Септим сел за её троном и погрузился в раздумья, закрыв свой человеческий глаз. Аугметический глаз закрылся в ответ, зажужжав как линза пиктера. Тишина наполнилась далекими отголосками криков, не принадлежавшими кому-то конкретно, но такими человеческими. Звуки корабля Восьмого Легиона не были для него в новинку, но слишком многое изменилось. он не мог перестать обращать на них внимание, как ему удавалось многие года прежде. Теперь, независимо от того, что и где он делал, Септим слышал боль в этих стонущих голосах.
— Те несчастные ублюдки, которых свежуют заживо — заслуживают ли они этого?
— Конечно, нет, — ответила Октавия. — С чего бы вдруг ты стал задавать такой глупый вопрос?
— Потому что подобные вопросы я перестал задавать много лет назад, — он повернулся, чтобы посмотреть на нее и не отводил взгляд несколько секунд. — Это все твоя вина. Марук понял, но я старался пропустить все мимо ушей. Ты сделала это. Ты пришла сюда и снова сделала меня человеком. Грех, страх, желание жить и чувствовать, и… ты вернула все. Я должен за это тебя возненавидеть.
— Ты волен это сделать, — сказала она, занимаясь перенастройкой одного из внешних мониторов видоискателя. Октавия едва ли испытывала любовь к работе, но выполнение простеньких задач обслуживания помогало скоротать время. — Но, получается, ты будешь ненавидеть меня за то, что я вернула что-то очень важное.
Септим уклончиво хмыкнул.
— Да не вздыхай уж ты так обиженно перед лицом терранской аристократии, — сказала она. — Как-то по детски выходит.
— Тогда постой… я не знаю, как сказать это на готике.

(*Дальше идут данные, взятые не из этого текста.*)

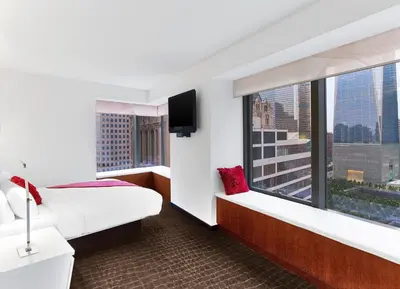 a hotel room with a bed and a large window at The Washington Hotel NYC in New York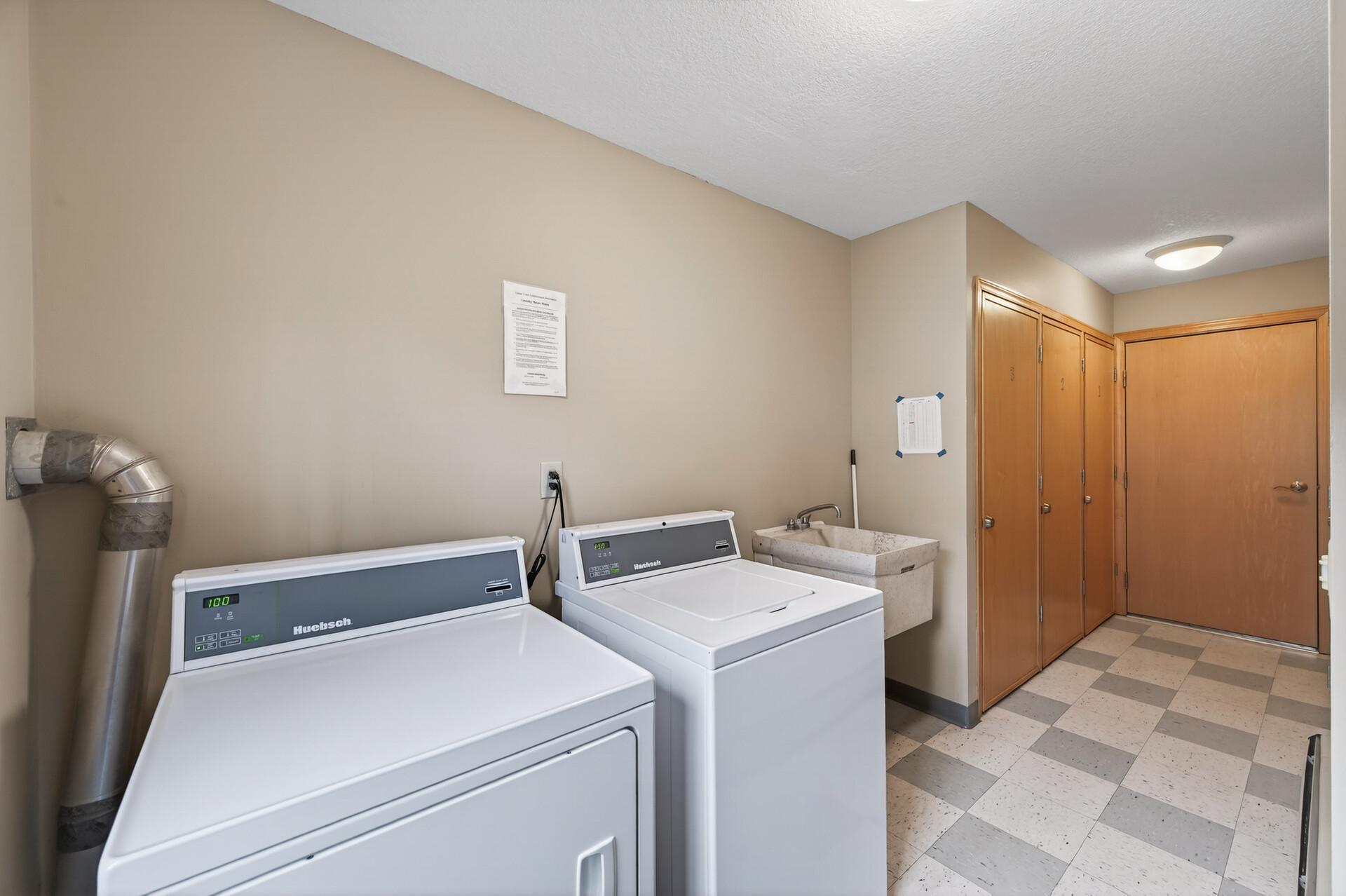 The shared laundry and storage locker room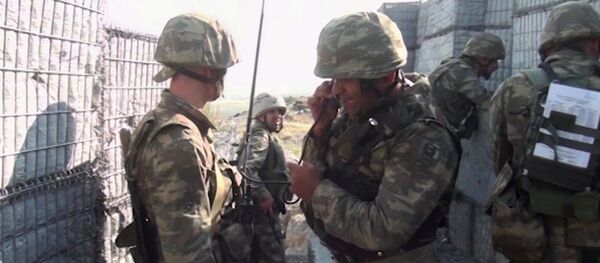 In this handout video grab released by the Azerbaijan Defence Ministry, Azeri military personnel conduct military operations in self-proclaimed Republic of Artsakh, Nagorno-Karabakh, Azerbaijan. On September 27 clashes erupted between Armenian and Azeri forces along the line of contact in the disputed region of Nagorno-Karabakh In this handout video grab released by the Azerbaijan Defence Ministry, Azeri military personnel conduct military operations in self-proclaimed Republic of Artsakh, Nagorno-Karabakh, Azerbaijan. On September 27 clashes erupted between Armenian and Azeri forces along the line of contact in the disputed region of Nagorno-Karabakh - Sputnik International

Yrosia se naur tay helshival, — сказал он по-нострамски. — Улыбаешься, издеваясь надо мной?
— Ты имеешь ввиду «дразнишь». Так вот, я не дразню тебя. Просто скажи то, что хочешь сказать.
— Нам нужно покинуть этот корабль, — повторил он, наблюдая, как она работала, держа во рту стриппер. Октавия выплюнула его и взяла испачканной рукой.
— Может быть, и нужно. Однако, это не означает, что у нас есть такая возможность. Корабль не сможет никуда двигаться без меня, а мы едва ли удерем далеко, пока они не поймут, что мы сбежали.
— Я что-нибудь придумаю, — Септим подошел к ней, обнял и произнес, уткнувшись в её волосы. — Я люблю тебя.
— Vel jaesha lai, — ответила она.
Спустя час она шла по коридорам «Эха» в сопровождении слуг, тянущихся за ней разрозненной толпой. теперь крики звучали отовсюду, эхом раздаваясь в воздухе и проникали сквозь стены с настойчивостью настоящего ветра. Пыточные камеры располагались на несколько палуб ниже, и путь предстоял неблизкий. По меркам территории на борту корабля, как ей было известно, они были глубоко, в самых опасных отсеках, где экипаж не имел ценности, и цена жизни была, соответственно, ниже.
— Мы пойдем с хозяйкой, — сказал один из слуг Октавии.
— Мы все пойдем, — поправила Вулараи, положив руку на подаренный ей меч Легиона, который она носила на бедре.
— Как пожелаете, — ответила им Октавия, хотя сама тайно радовалась их преданности.
Толпа таких же оборванных скитальцев по палубам разбежалась перед её группой — уже третья, решившая убежать а не вступать в бой. Некоторые смотрели ей вслед, шипя на готике, нострамском и других языках, происхождение которых она не могла даже предположить, не то чтобы понять их. Одна группа бросила им вызов, требуя награды за проход в их владения.
— Меня зовут Октавия, — сказала она чумазому предводителю с лазпистолетом.
— Для меня это ровным счетом ничего не значит, девочка.
— Это значит, что я — навигатор этого корабля, — она выдавила из себя улыбку.
— И это для меня тоже ничего не значит, как и твое имя.
Октавия набрала в легкие воздуха и взглянула на Вулараи. Большая часть человечества, сбившиеся в кучу непросвещенные массы, предпочитали закрывать глаза на факт существования навигаторов, а у нее не было желания объяснять им природу своего наследия, или — что еще хуже, — демонстрировать его здесь.